-- SOURCE RECORDS --
# # #
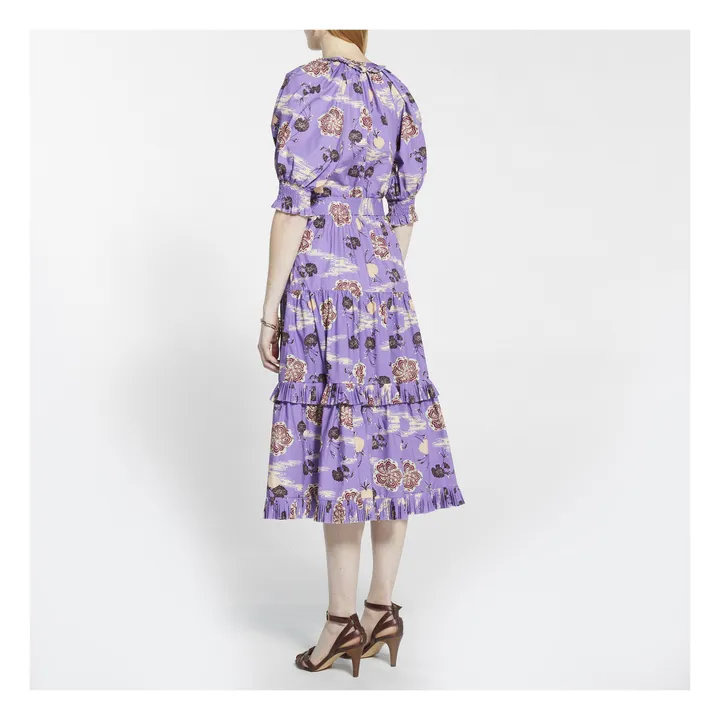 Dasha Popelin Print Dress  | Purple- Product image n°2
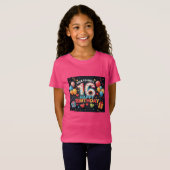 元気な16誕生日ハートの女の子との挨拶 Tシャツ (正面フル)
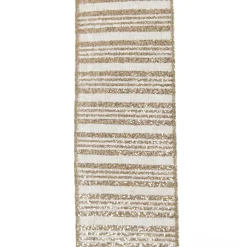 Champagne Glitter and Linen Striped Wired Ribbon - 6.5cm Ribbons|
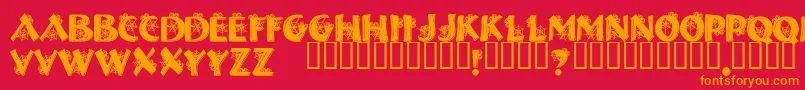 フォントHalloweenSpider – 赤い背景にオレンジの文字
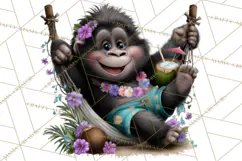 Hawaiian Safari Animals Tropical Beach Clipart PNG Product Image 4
# # #
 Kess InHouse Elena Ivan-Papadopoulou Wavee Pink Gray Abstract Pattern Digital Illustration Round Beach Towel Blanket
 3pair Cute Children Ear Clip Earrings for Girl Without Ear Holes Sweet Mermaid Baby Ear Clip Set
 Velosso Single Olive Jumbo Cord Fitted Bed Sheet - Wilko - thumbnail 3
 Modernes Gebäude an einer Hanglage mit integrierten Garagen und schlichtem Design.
# # #
Print, exactly and with no pictures, the lines of the listing above starting at the one that has "Dasha Popelin Print" and ending at the one that has "Hawaiian Safari Animals", both included.

-- THE COMPLETED TASK --
 Dasha Popelin Print Dress  | Purple- Product image n°2
 元気な16誕生日ハートの女の子との挨拶 Tシャツ (正面フル)
 Champagne Glitter and Linen Striped Wired Ribbon - 6.5cm Ribbons|
 フォントHalloweenSpider – 赤い背景にオレンジの文字
 Hawaiian Safari Animals Tropical Beach Clipart PNG Product Image 4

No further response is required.